2. Indien het een onrein beest was, dan moet het ten gebruike van de priester worden gegeven en naar de schatting van de priester werd de prijs er van bepaald, maar zo hij, die de gelofte gedaan had het wenste te lossen dan moest hij de prijs in geld betalen, en er nog een vijfde deel aan toevoegen, Leviticus 27:11. Het was behoorlijk dat de mensen boetten voor hun onstandvastigheid. God heeft ons Zijn wil doen kennen betreffende Zijn dienst, en het behaagt Hem niet, dat wij niet weten wat wij zelf willen. God verwacht dat zij die met Hem handelen, zullen weten wat zij zeggen, en wat zij zeggen zullen doen.
Verzen 14-25
Leviticus 27:14-25Hier is de wet op onroerende goederen, die door een buitengewone gelofte de Heere geheiligd zijn.

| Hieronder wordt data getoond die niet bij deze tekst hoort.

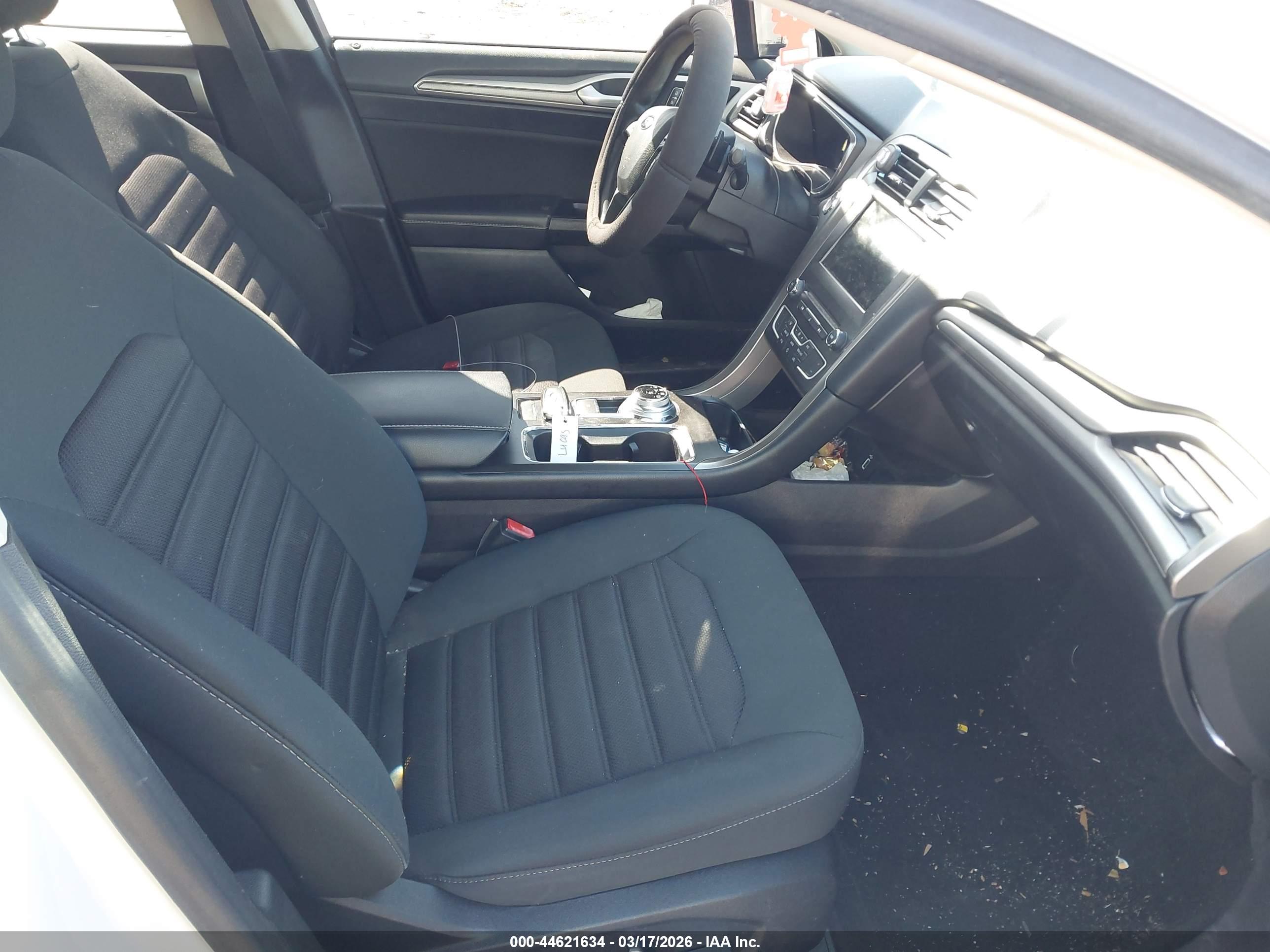 FORD FUSION image 5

I. Gesteld dat iemand in zijn ijver voor de eer van Gods, Hem zijn huis geheiligd heeft, Leviticus 27:14, dan moet dat huis door de priester geschat worden, en het geld, dat het bij verkoop heeft opgebracht, aangewend worden ten nutte van het heiligdom, dat langzamerhand grotelijks verrijkt werd door "geheiligde dingen," 1 Kings 15:15. Maar als de eigenaar het wilde lossen dan moest hij het niet zo goedkoop verkrijgen als een ander, maar aan de prijs een vijfde deel toevoegen, want hij had moeten nadenken eer hij zijn gelofte deed, Leviticus 27:15. Voor de arme zal God de schatting verminderen, Leviticus 27:8, maar voor de wispelturige, voor hem, die bij nader bedenken meer naar de wereld en zijn wereldlijke belangen neigt, dan in het eerst, zal God de prijs verhogen. Geloofd zij God, er is een weg om onze huizen de Heere heilig te doen zijn zonder ze te verkopen of te kopen. Als wij en ons huis de Heere dienen, als de Godsdienst heerst in ons huis, als wij er ondeugd verre van wegdoen, en een kerk in ons huis hebben, dan is er heiligheid des Heeren op geschreven, het is van Hem, en Hij zal er met ons in wonen.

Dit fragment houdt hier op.